Starting May 1, health-care providers at the University of Utah Health and Intermountain Health will be able to administer psilocybin and MDMA to their patients, thanks to a bill that cruised through the Utah Legislature.

Senate Bill 266 creates a three-year pilot program for the use of psilocybin and MDMA in authorized hospitals.

Sponsored by Republican Kirk Cullimore, SB 266 whizzed through the Utah Senate and House of Representatives in the span of a month, after a similar but broader bill failed in 2023.

Utah Gov. Spencer Cox allowed the bill to go into effect without signing it.

The bill limits the use of psilocybin and MDMA treatment to two types of providers: “a privately owned, nonprofit, vertically integrated health-care system that operates at least 15 licensed hospitals in the state” or “a health-care system closely affiliated with an institution of higher education” as defined by the state.

SB 266 also stipulates that psilocybin and MDMA treatment must be administered “only under the direct supervision and control” of authorized health-care providers.

Providers that administer psilocybin or MDMA as part of a treatment plan are required to submit a report detailing patients’ health outcomes, side effects from the drugs and any information that could help the legislature evaluate the drugs’ “medicinal value.”
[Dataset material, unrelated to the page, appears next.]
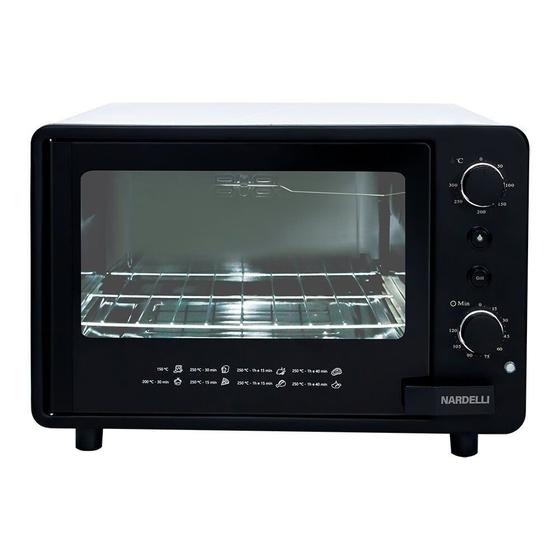 Forno Elétrico Calábria 45 Litros com Termostato e Grill Nardelli Menor preço em Forno Elétrico Calábria 45 Litros com Termostato e Grill Nardelli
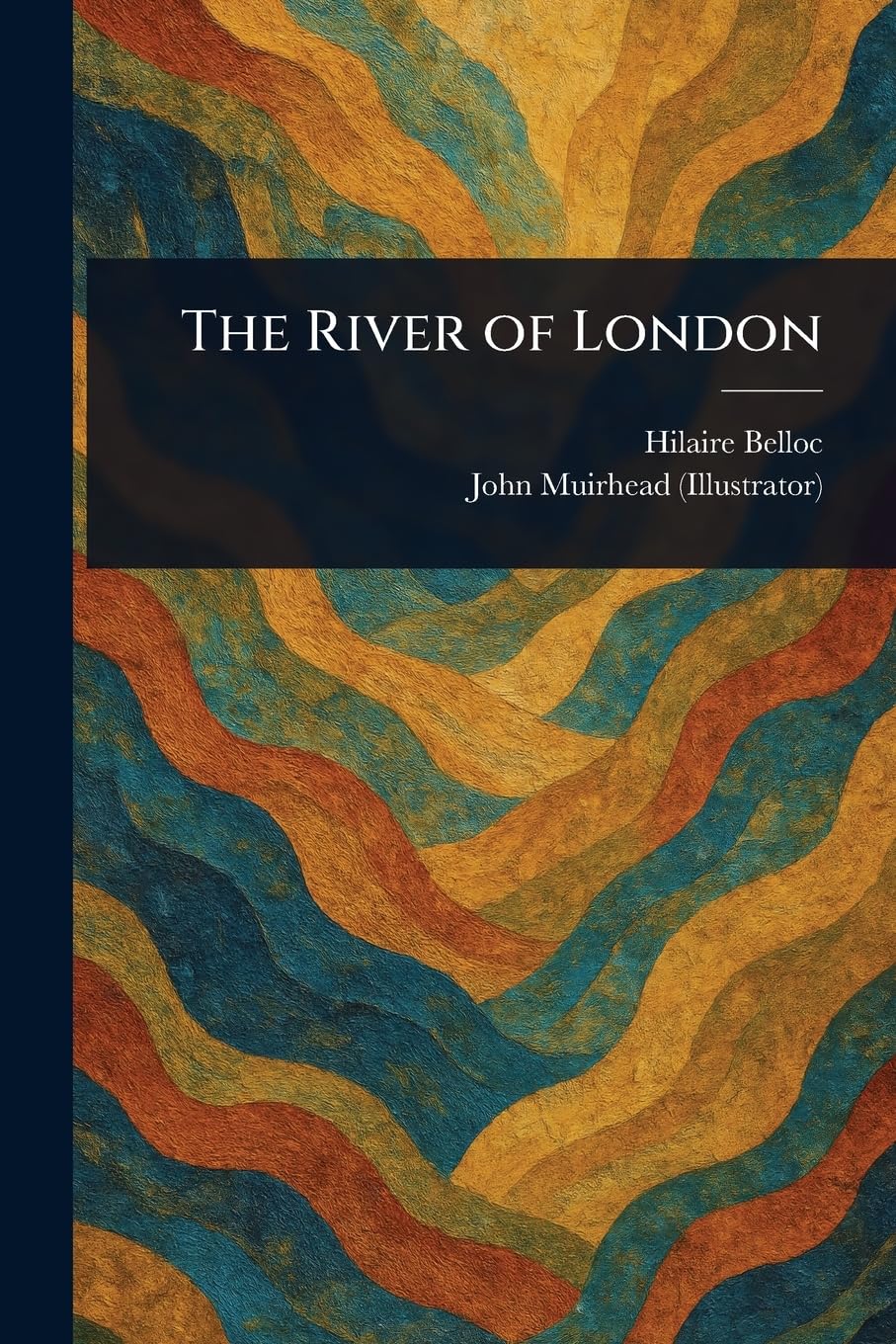 The River of London book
In a statement, Cox told the Salt Lake City Tribune that while he is “generally supportive of scientific efforts to discover the benefits of new substances that can relieve suffering,” he is “disappointed” that state lawmakers “ignored” input from a task force created in 2022 to make recommendations on the potential use of controlled substances such as psilocybin and MDMA to treat mental-health conditions.

In an October 2022 report, the Utah Mental-Illness Psychotherapy Drug Task Force concluded that “the most rigorous and cost-effective approach to ensuring that the people of Utah have safe access to the most effective programs in psychedelic-assisted psychotherapy would be to wait for the fast-track FDA rulings for MDMA and psilocybin.”